EXERCISE GOAL -
Reproduce, exactly and in full, the lines from the one with "Bianchi Oltre XR3 - Di2 vel. 59" through the one with "Boucles d'oreilles pendantes" in the data below; drop pictures.

THE RECORDS -
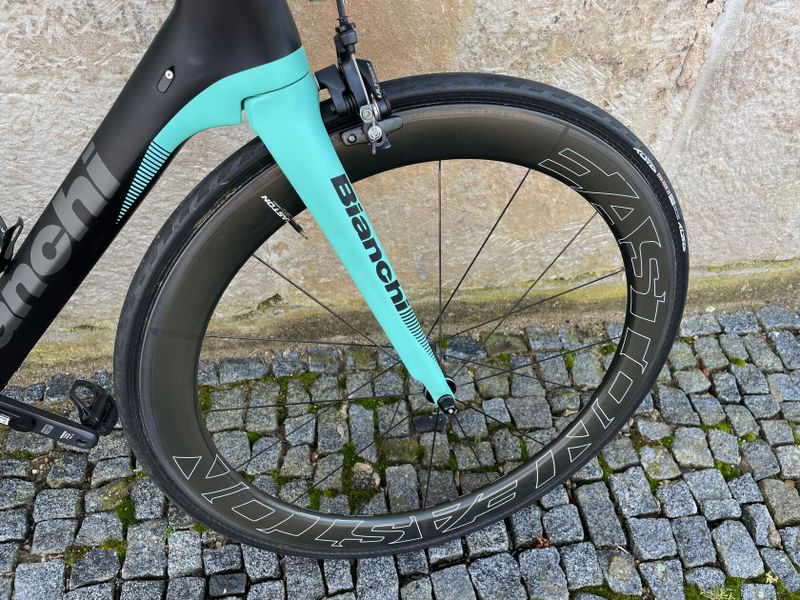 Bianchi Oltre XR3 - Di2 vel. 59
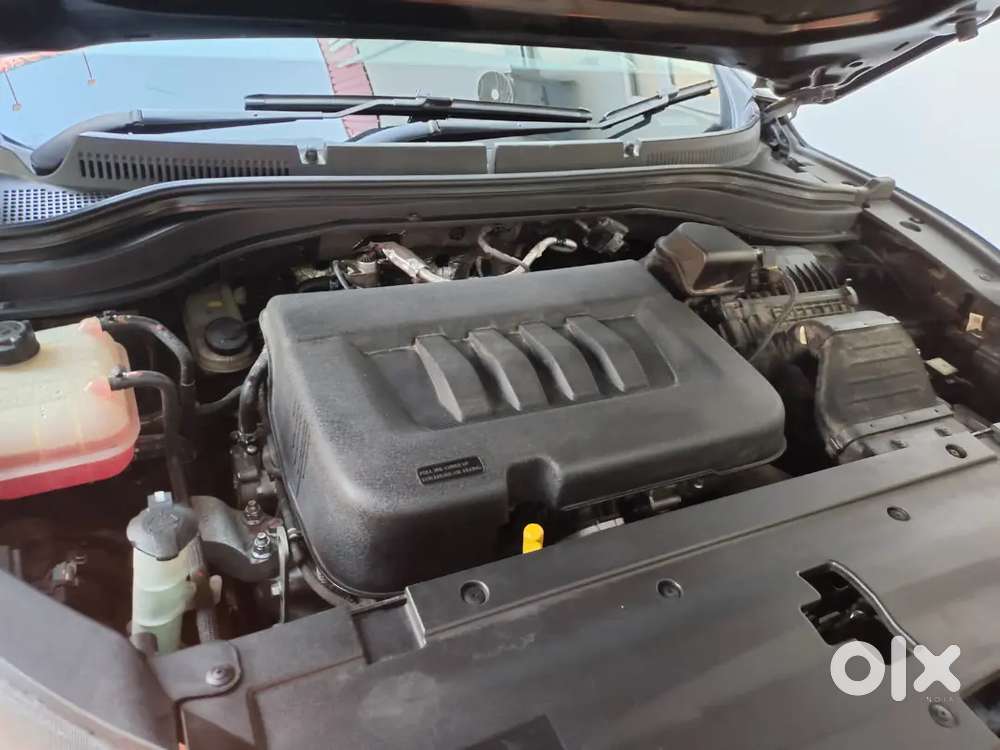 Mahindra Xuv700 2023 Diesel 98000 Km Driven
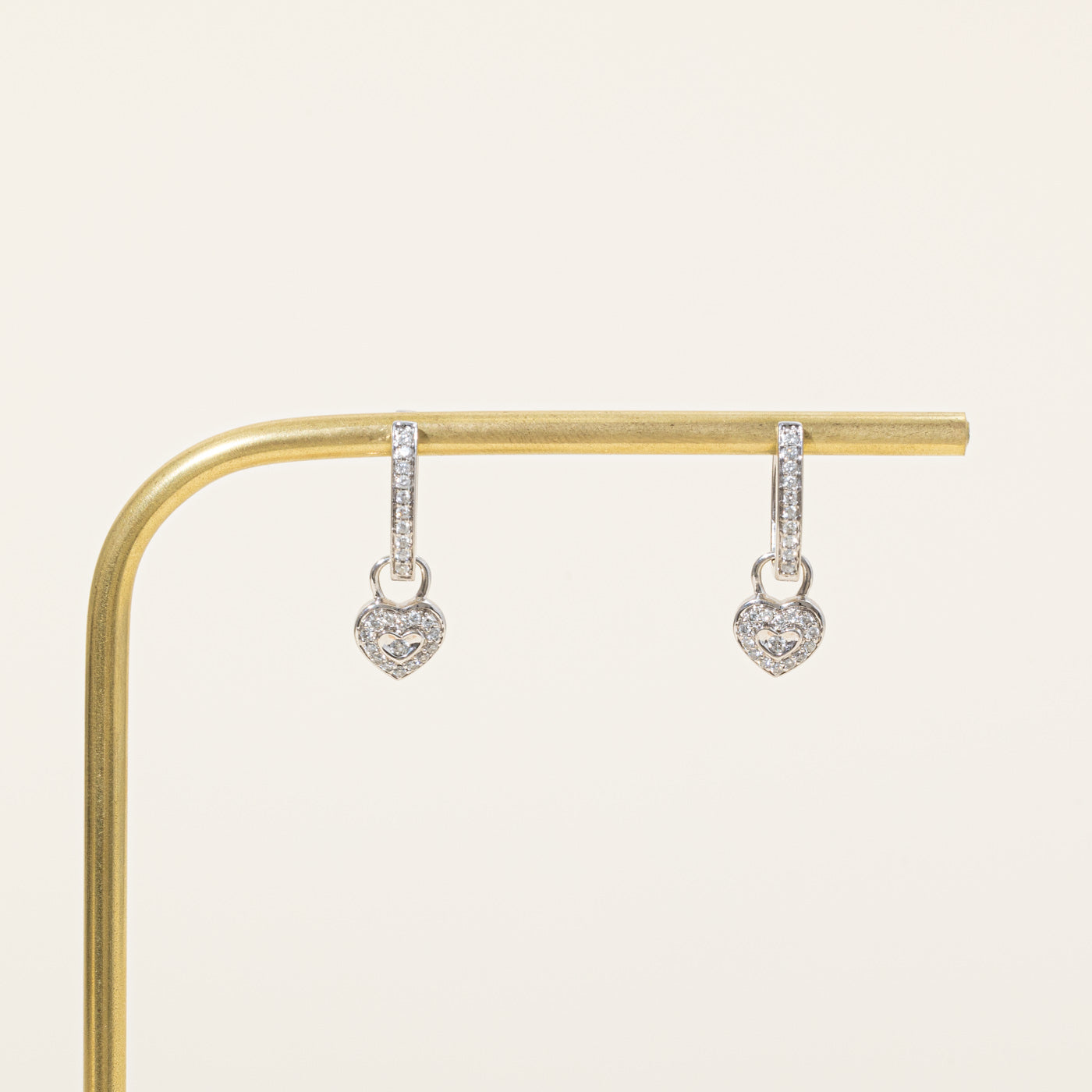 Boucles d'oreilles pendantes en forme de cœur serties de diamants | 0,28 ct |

--

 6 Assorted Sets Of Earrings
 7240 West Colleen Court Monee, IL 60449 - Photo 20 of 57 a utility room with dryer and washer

---

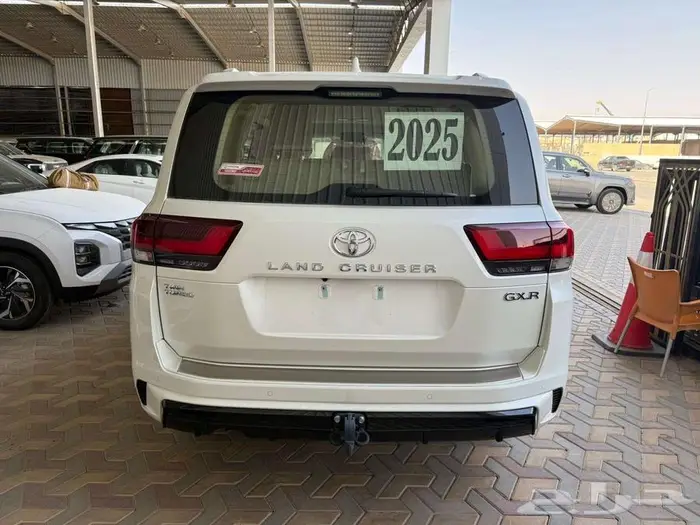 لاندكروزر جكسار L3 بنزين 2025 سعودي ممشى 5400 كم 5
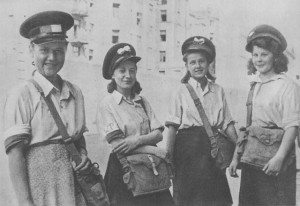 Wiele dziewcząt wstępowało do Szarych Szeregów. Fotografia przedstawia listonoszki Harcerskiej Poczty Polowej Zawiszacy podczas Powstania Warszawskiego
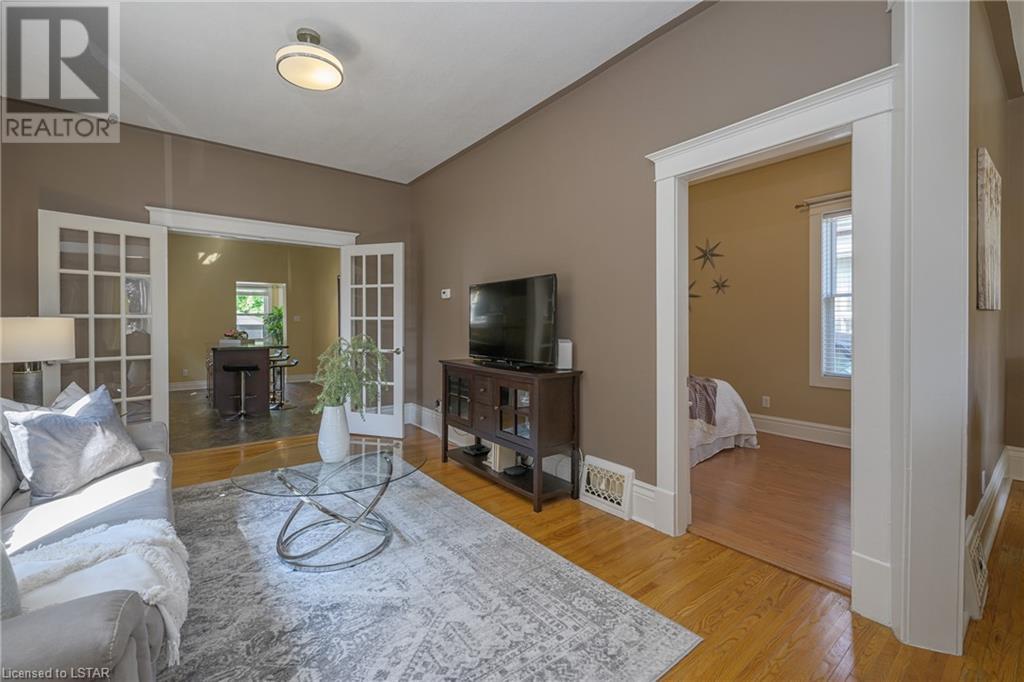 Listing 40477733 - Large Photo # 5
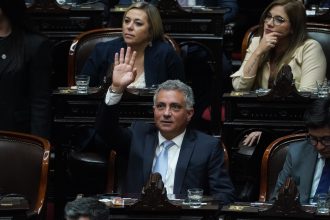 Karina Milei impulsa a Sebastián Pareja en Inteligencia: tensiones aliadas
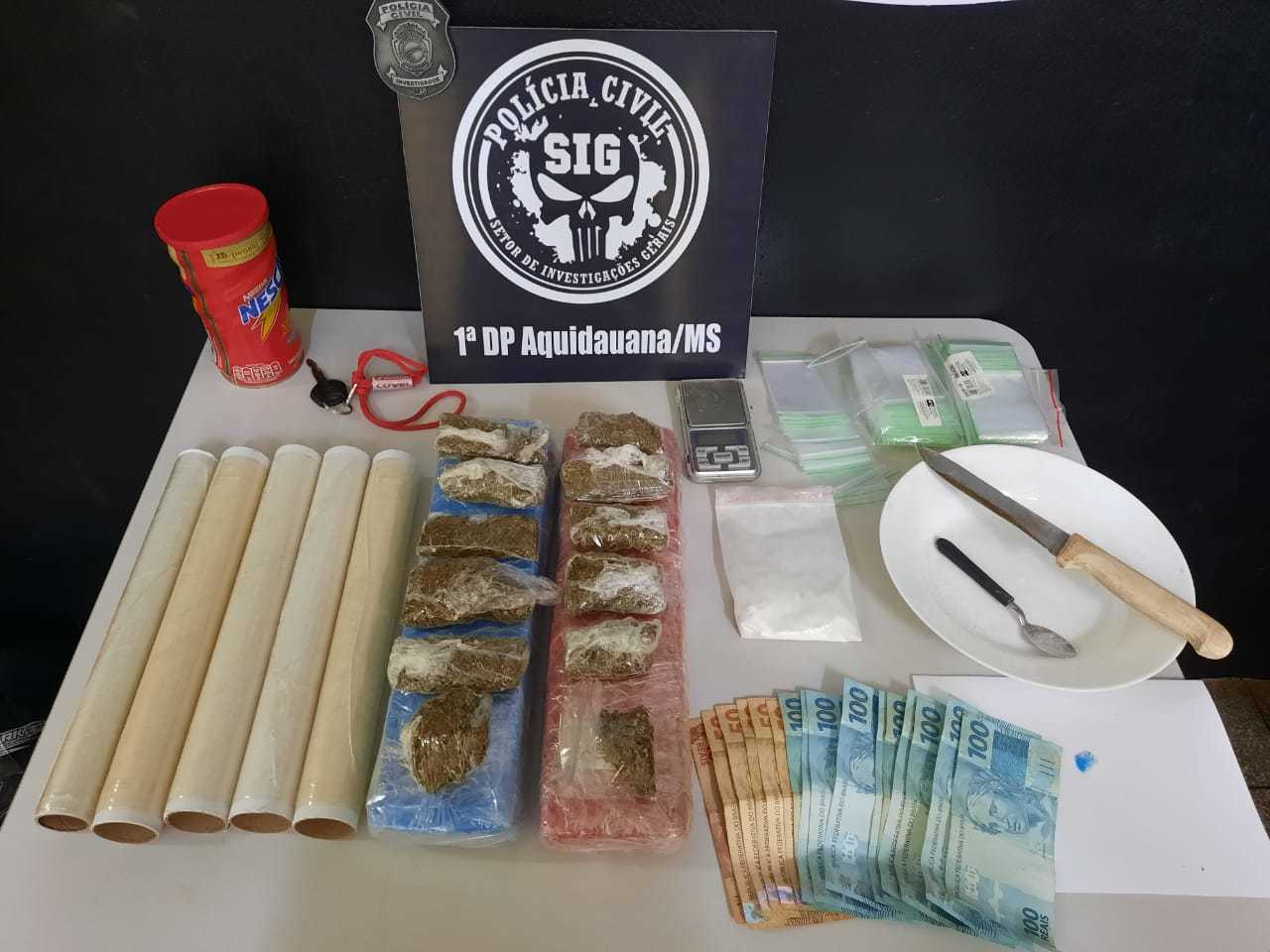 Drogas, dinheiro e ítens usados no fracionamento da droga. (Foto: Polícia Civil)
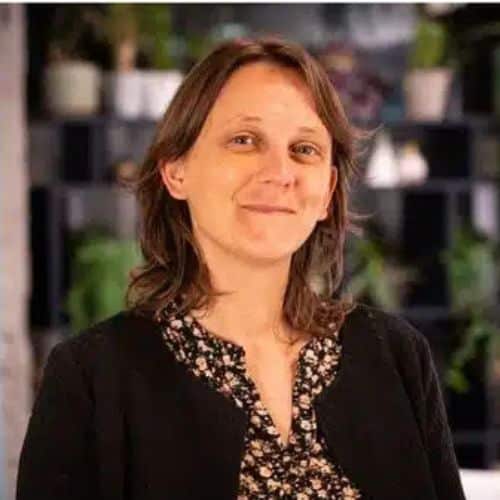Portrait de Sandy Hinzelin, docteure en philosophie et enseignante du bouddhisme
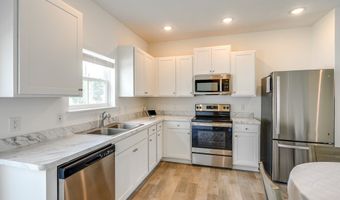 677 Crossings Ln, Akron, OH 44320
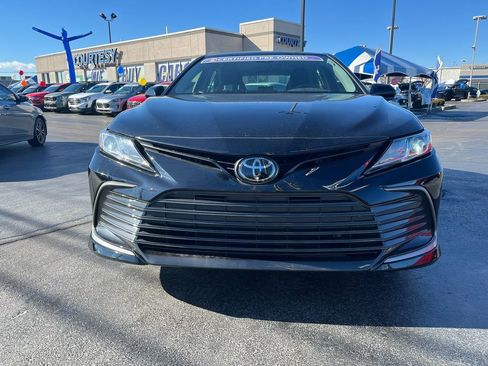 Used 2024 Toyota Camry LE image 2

PROBLEM SOLUTION -
 Bianchi Oltre XR3 - Di2 vel. 59
 Mahindra Xuv700 2023 Diesel 98000 Km Driven
 Boucles d'oreilles pendantes en forme de cœur serties de diamants | 0,28 ct |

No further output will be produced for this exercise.